当院では、管理栄養士が一人一人にあった現実的な食事による改善方法を一緒に考え、できるだけ薬に頼らず、糖尿病の合併症を防ぐために、カウンセリングもしています。
仮に薬は1日1回だとしても、食事は1日3回で1週間に21回、1ヶ月で84回ぐらいになりますよね。
1回、1回の食事の積み重ねが糖尿病の発症または進行に大きく関係しますから、どうしたら予防できるのか?
Aという食材と、Bという食材のどちらを選んで食べたらいいか迷ったときに、国家資格を持つプロの管理栄養士さんのアドバイスがあれば、安心ですよね。
それによって、1年後2年後に大きな差が出てくるというのはわかるかと思います。
まとめ:今日から“腎臓を守る糖尿病治療”を始めよう
透析は誰にとっても避けたい治療です。
しかし、その多くは「ある日突然」始まるわけではなく、日々の小さな積み重ねの結果なのです。
糖尿病と診断されたその日から、「腎臓を守る治療」を始めることができます。
血糖、血圧、コレステロール、生活習慣…。どれもが将来の健康を変える大切なポイントです。
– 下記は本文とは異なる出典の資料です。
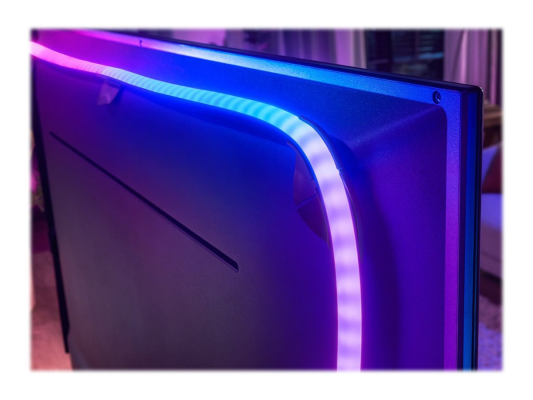 Philips Hue | Lightstrip Gradient 75" EU | 20 W | Colored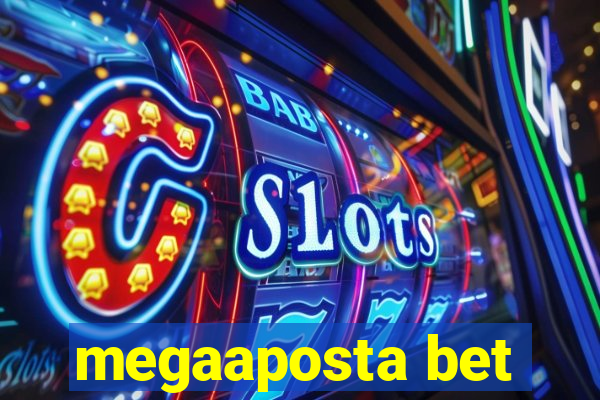 megaaposta bet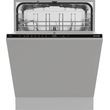 pliros entoixizomeno plyntirio piaton gorenje gv642d65 14serb 60cm photo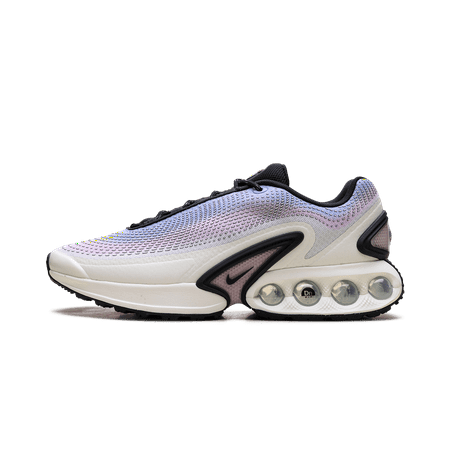 NIKE WOMENS Air Max Dn WMNS "Dawn" HV5760 675 from Stadium Goods
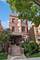 2324 W Cortez Unit 3, Chicago, IL 60622
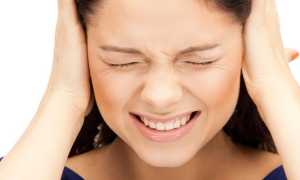 Норма гемоглобина у мужчин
気になることがあれば、早めに医療機関で相談してみてください。
当院では糖尿病の治療と腎臓の管理に力を入れています。お気軽にご相談ください。
参考文献
(※1)日本糖尿病学会 編・著
『糖尿病治療ガイド2024-2025』
南江堂、2024年、p.36-40
(※2)日本糖尿病学会 編・著
『糖尿病治療ガイド2024-2025』
南江堂、2024年、p.31-35
(※3)日本腎臓学会 編
『CKD診療ガイド2023』
医学書院、2023年、p.12-17
(※4)Heerspink HJL, et al.Dapagliflozin in patients with chronic kidney disease.
New England Journal of Medicine. 2020;383(15):1436–1446.